The term “coarse foamed” as used herein refers to the texture of the foam. A coarse foamed fluid has a relatively nonuniform bubble size distribution (e.g., a combination of large and small gas bubbles) whereas a fine texture foam has relatively uniform bubble size distribution and most of the bubbles are relatively small. (See FIG. 1 illustrating a coarse foam and a fine textured foam at nonlimiting examples of certain quality levels.) The term “quality” as used herein refers to a foam quality level above which a pure fine textured foam exists, which will depend, inter alia, on the particular fluid composition and the foaming agent used. On a schematic plot of viscosity versus quality in a foamed fluid, the foam transition point is the point at which the foamed fluid becomes a more coarse textured foamed fluid. The transition point is a level of maximum viscosity, which may be relatively well-defined in some instances. The foam transition point for a particular foam may vary as a result of, inter alia, the foam composition (e.g., whether it is an aqueous-based foamed fluid or an oil-based foamed fluid). The particular quality level of the foam at the transition point will similarly vary. The coarse-foamed fracturing fluids of the present invention are foamed fluids that have a quality level at or above the foam transition point for the particular fluid.

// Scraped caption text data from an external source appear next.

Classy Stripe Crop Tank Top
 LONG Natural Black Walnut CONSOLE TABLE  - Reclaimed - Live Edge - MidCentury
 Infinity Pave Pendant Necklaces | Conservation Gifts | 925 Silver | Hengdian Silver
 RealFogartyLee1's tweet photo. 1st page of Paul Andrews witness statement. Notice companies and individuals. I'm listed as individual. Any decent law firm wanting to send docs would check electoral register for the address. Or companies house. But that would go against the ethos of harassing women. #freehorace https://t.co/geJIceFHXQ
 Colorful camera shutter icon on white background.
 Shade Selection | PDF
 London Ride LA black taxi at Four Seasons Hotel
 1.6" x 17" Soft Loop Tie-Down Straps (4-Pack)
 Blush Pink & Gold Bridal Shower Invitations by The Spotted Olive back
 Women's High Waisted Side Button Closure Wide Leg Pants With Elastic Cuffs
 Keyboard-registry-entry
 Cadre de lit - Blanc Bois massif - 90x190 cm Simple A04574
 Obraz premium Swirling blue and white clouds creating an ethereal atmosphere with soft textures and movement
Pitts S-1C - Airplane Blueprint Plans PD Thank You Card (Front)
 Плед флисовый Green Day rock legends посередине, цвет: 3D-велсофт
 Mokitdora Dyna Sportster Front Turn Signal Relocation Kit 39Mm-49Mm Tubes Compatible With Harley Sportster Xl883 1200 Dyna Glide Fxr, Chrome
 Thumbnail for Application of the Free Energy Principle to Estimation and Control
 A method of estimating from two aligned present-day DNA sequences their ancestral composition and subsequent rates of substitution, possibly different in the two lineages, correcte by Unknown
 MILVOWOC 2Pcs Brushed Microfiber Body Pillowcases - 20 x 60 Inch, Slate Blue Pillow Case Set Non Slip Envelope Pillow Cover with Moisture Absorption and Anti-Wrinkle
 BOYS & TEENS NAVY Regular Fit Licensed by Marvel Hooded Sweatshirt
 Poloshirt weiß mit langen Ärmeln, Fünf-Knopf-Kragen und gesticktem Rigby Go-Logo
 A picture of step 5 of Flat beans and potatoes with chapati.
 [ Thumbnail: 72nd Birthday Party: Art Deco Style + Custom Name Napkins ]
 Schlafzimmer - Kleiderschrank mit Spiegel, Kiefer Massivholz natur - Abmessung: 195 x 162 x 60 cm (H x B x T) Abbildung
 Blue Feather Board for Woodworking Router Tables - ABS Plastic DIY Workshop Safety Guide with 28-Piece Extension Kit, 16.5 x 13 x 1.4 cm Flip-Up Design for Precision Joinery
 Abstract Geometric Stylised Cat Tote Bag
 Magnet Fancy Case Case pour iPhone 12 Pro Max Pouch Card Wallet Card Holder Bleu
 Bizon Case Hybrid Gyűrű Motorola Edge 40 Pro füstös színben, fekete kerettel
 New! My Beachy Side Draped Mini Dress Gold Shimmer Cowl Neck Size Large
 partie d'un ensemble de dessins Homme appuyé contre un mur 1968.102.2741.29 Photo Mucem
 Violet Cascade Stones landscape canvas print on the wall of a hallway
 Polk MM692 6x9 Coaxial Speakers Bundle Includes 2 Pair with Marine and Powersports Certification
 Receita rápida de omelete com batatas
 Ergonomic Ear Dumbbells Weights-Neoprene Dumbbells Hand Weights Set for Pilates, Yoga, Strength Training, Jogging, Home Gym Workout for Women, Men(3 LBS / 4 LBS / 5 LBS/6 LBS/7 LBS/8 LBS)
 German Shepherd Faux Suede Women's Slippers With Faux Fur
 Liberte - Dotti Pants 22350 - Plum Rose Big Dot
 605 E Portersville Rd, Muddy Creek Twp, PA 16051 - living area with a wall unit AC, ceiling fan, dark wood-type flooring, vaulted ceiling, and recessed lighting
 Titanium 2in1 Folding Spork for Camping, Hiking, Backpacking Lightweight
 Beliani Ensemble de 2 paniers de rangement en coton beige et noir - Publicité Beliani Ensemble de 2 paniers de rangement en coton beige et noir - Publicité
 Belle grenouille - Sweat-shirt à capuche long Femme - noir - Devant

Hydraulic fracturing is a process commonly used to increase the flow of desirable fluids from a portion of a subterranean formation. Traditional hydraulic fracturing operations usually comprise the steps of placing a viscous fracturing fluid (often an aqueous gelled fluid) into a portion of a subterranean formation at a rate and pressure such that fractures are created or enhanced in a portion of the subterranean formation. The fractures propagate, e.g., as vertical and/or horizontal cracks radially outward from the well bore. In such treatments, once the hydraulic pressure is released, usually the fractures will not remain fully open. Often, particulate materials, known as proppant, are suspended in the fracturing fluid during at least a portion of the fracturing operation. The particulates are carried into the fractures and deposited therein such that when the hydraulic pressure is released the particulates help prevent the fracture from fully closing, and thus, aid in forming conductive channels through which produced fluids may flow into the well bore. Without the particulate material, the fractures tend to close, thus potentially negating any permeability gained by the fracturing operation. Suitable particulate materials must have sufficient compressive strength to resist crushing, but also should be sufficiently non-abrasive and non-angular to preclude cutting and imbedding into the formation.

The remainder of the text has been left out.